Nymphs and adults belonging to Adelphocoris lineolatus are capable of reducing crop yields by 50% within two years of their infestation on crops. The livelihood of many individuals within developing countries has been negatively affected due to the rapid spread of alfalfa plant bugs, due to their migratory behaviour. They have destroyed numerous alfalfa crops around the globe. In Canada alone they have caused a deficit of $50 million to the alfalfa plant industry.

==Semiochemicals==
Alfalfa plant bugs have a greater degree of attraction towards flowering plants in comparison to non-flowering plants. The three main crops that Adelphocoris lineolatus show the most attraction for are flowering alfalfa, cotton, and mung bean crops. Biologists have observed a relationship between three chemosensory proteins found in the antennae of A. lineolatus and the semiochemicals released by flowering alfalfa, cotton, and mung bean crops resulting in a greater attraction towards these crops. AlinCSP1, AlinCSP2, and AlinCSP-3 are the three chemosensory proteins found in the antennae of Adelphocoris lineolatus. Insects are heavily dependent upon their olfactory sensilla in order to detect chemical stimuli from the environment they are found in. Within the Adelphocoris lineolatus species, it has been found that they detect the semiochemicals released by their host plants in order to invade them. The chemosensory proteins, AlinCSP1, AlinCSP2, and AlinCSP-3 contain a high binding affinity to the semiochemicals released by flowering alfalfa, cotton, and mung bean plants. The greatest amount of ecological and economical damage is experienced by these flowering plants because of the semiochemicals they release into the environment, attracting Adelphocoris lineolatus.

==Control techniques==
Adelphocoris lineolatus are commonly known as the alfalfa plant bug, due to the excessive amount of damage they cause to alfalfa crops around the world. In order to decrease and prevent the rapid dispersal of A. lineolatus certain control methods need to be implemented, to decrease the amount of ecological and economic damage these pests cause. Insecticides are not commonly used to decrease or stop Adelphocoris lineolatus from infesting crops because these insects have become resistant to certain chemicals present in insecticides. A. lineolatus nymphs have become resistant to the following chemical ingredients commonly used in insecticides, mono-methanimidamide, fufenozide, buprofezin, azad irachtin, and triazophos. An alternative from these chemicals would be to use insecticides made of pyrethroid, neonicotinoid, carbamate, avermectin, or organophosphate since alfalfa plant bugs are not resistant to these chemicals. Insecticides can be an effective and efficient method of controlling pests, but they do cause a great deal of damage to our environment and we should refrain from using them if possible.
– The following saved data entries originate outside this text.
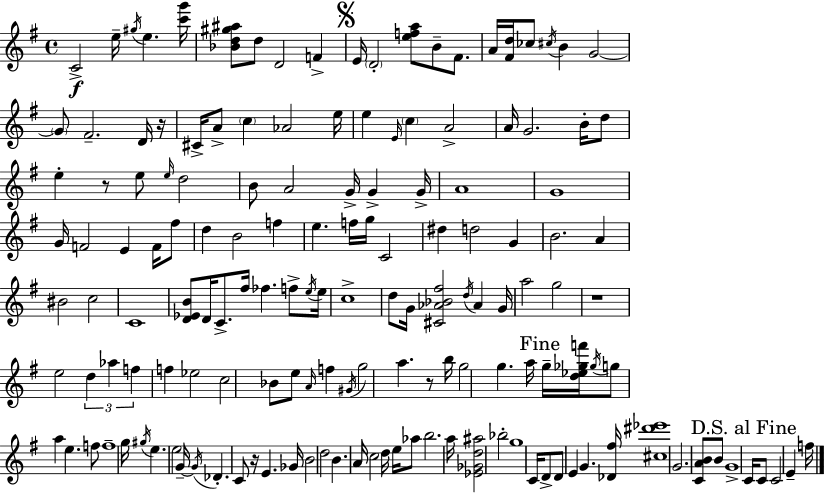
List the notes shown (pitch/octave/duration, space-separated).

C4/h E5/s G#5/s E5/q. [C6,G6]/s [Bb4,D5,G#5,A#5]/e D5/e D4/h F4/q E4/s D4/h [E5,F5,A5]/e B4/e F#4/e. A4/s [F#4,D5]/s CES5/e C#5/s B4/q G4/h G4/e F#4/h. D4/s R/s C#4/s A4/e C5/q Ab4/h E5/s E5/q E4/s C5/q A4/h A4/s G4/h. B4/s D5/e E5/q R/e E5/e E5/s D5/h B4/e A4/h G4/s G4/q G4/s A4/w G4/w G4/s F4/h E4/q F4/s F#5/e D5/q B4/h F5/q E5/q. F5/s G5/s C4/h D#5/q D5/h G4/q B4/h. A4/q BIS4/h C5/h C4/w [D4,Eb4,B4]/e D4/s C4/e. F#5/s FES5/q. F5/e E5/s E5/s C5/w D5/e G4/s [C#4,Ab4,Bb4,F#5]/h D5/s Ab4/q G4/s A5/h G5/h R/w E5/h D5/q Ab5/q F5/q F5/q Eb5/h C5/h Bb4/e E5/e A4/s F5/q G#4/s G5/h A5/q. R/e B5/s G5/h G5/q. A5/s G5/s [D5,Eb5,Gb5,F6]/s Gb5/s G5/e A5/q E5/q. F5/e F5/w G5/s G#5/s E5/q. E5/h G4/s G4/s Db4/q. C4/e R/s E4/q. Gb4/s B4/h D5/h B4/q. A4/s C5/h D5/s E5/s Ab5/e B5/h. A5/s [Eb4,Gb4,D5,A#5]/h Bb5/h G5/w C4/s D4/e D4/e E4/q G4/q. [Db4,F#5]/s [C#5,D#6,Eb6]/w G4/h. [C4,A4,B4]/e B4/e G4/w C4/s C4/e C4/h E4/q F5/s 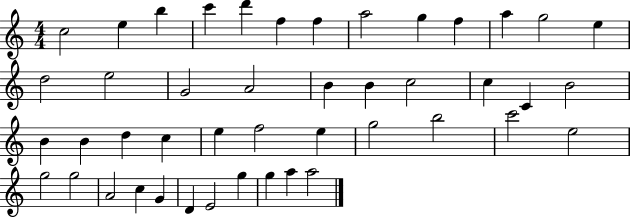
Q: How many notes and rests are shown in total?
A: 45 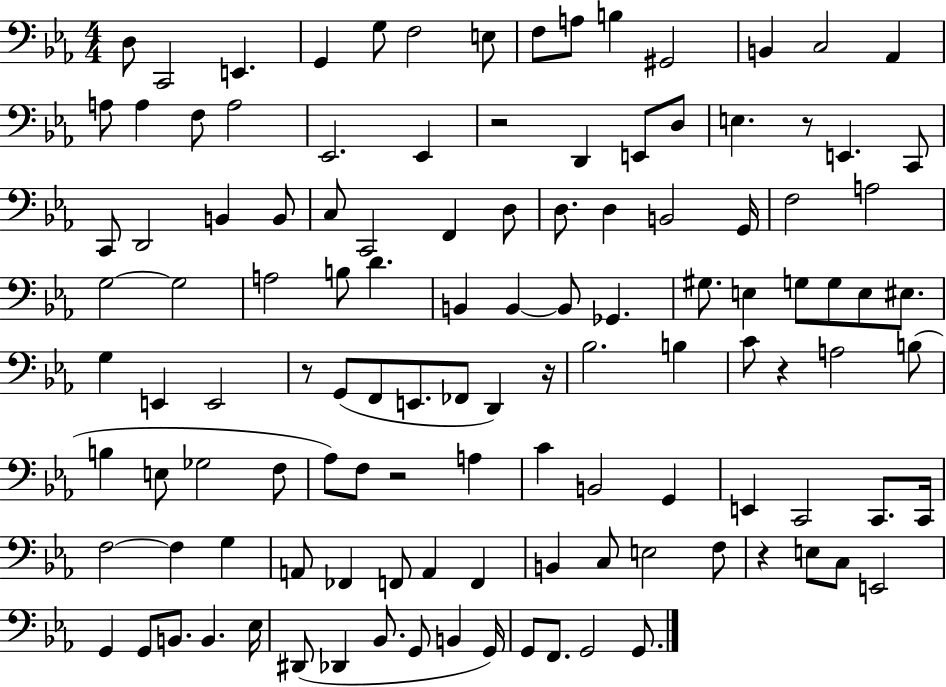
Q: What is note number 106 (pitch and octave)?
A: G2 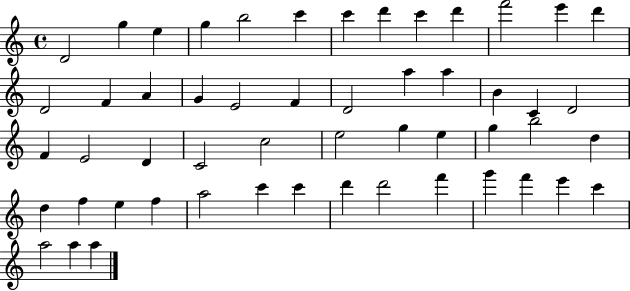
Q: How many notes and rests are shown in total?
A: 53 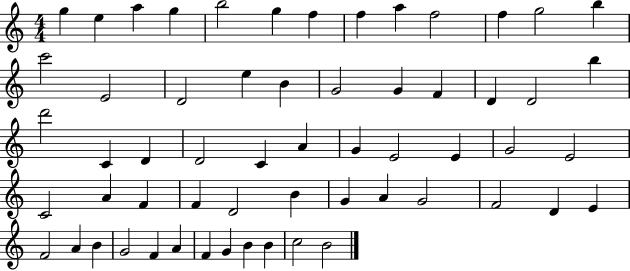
G5/q E5/q A5/q G5/q B5/h G5/q F5/q F5/q A5/q F5/h F5/q G5/h B5/q C6/h E4/h D4/h E5/q B4/q G4/h G4/q F4/q D4/q D4/h B5/q D6/h C4/q D4/q D4/h C4/q A4/q G4/q E4/h E4/q G4/h E4/h C4/h A4/q F4/q F4/q D4/h B4/q G4/q A4/q G4/h F4/h D4/q E4/q F4/h A4/q B4/q G4/h F4/q A4/q F4/q G4/q B4/q B4/q C5/h B4/h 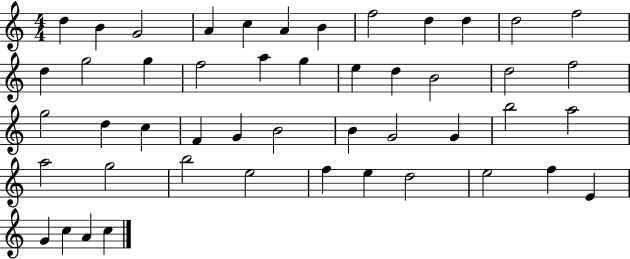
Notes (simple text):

D5/q B4/q G4/h A4/q C5/q A4/q B4/q F5/h D5/q D5/q D5/h F5/h D5/q G5/h G5/q F5/h A5/q G5/q E5/q D5/q B4/h D5/h F5/h G5/h D5/q C5/q F4/q G4/q B4/h B4/q G4/h G4/q B5/h A5/h A5/h G5/h B5/h E5/h F5/q E5/q D5/h E5/h F5/q E4/q G4/q C5/q A4/q C5/q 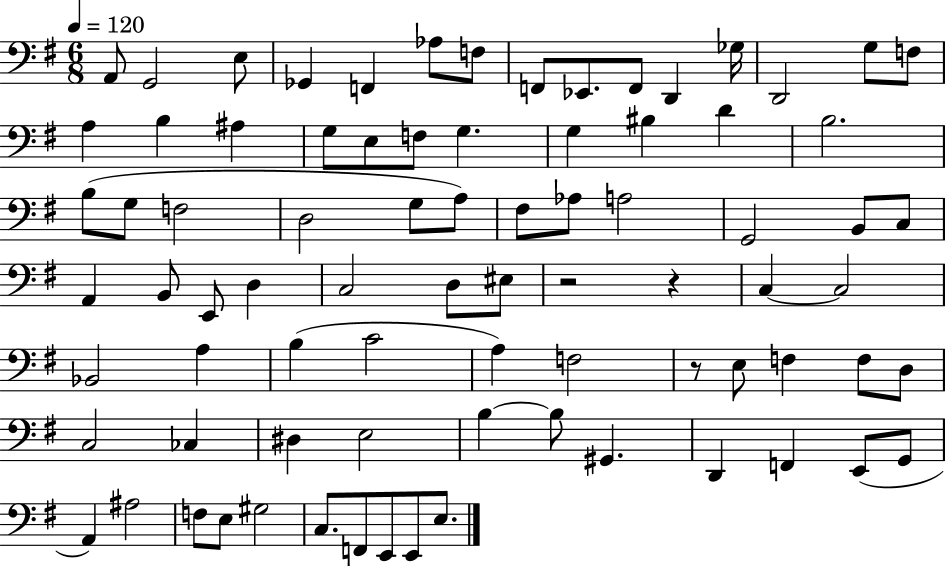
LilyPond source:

{
  \clef bass
  \numericTimeSignature
  \time 6/8
  \key g \major
  \tempo 4 = 120
  a,8 g,2 e8 | ges,4 f,4 aes8 f8 | f,8 ees,8. f,8 d,4 ges16 | d,2 g8 f8 | \break a4 b4 ais4 | g8 e8 f8 g4. | g4 bis4 d'4 | b2. | \break b8( g8 f2 | d2 g8 a8) | fis8 aes8 a2 | g,2 b,8 c8 | \break a,4 b,8 e,8 d4 | c2 d8 eis8 | r2 r4 | c4~~ c2 | \break bes,2 a4 | b4( c'2 | a4) f2 | r8 e8 f4 f8 d8 | \break c2 ces4 | dis4 e2 | b4~~ b8 gis,4. | d,4 f,4 e,8( g,8 | \break a,4) ais2 | f8 e8 gis2 | c8. f,8 e,8 e,8 e8. | \bar "|."
} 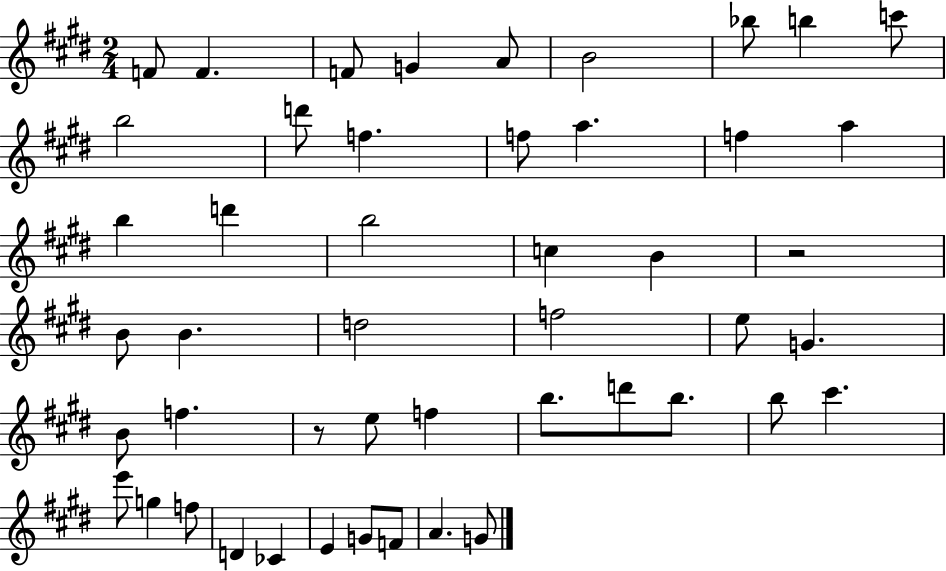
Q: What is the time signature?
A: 2/4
Insect pheromones have successfully been implemented to reduce the amount of damage Adelphocoris lineolatus cause to numerous agricultural crops. Sexually mature A. lineolatus produce a mixture of two pheromones known as, (E)-2-hexenyl butyrate (E2HB) and (E)-4-oxo-2-hexenal (4-OHE). These pheromones are responsible for high reproductive rates amongst the alfalfa plant bug. To reduce reproductivity between female and male Adelphocoris lineolatus, an excessive amount of hexyl butyrate (HB) needs to be added to the mixture of E2HB and 4-OHE. The addition of HB reduces the attraction between female and male A. lineolatus. Hexyl butyrate is responsible for stopping the release of sex pheromones from female alfalfa plant bugs, which disrupts communication between the two sexes, and reduces reproductive success in this particular species.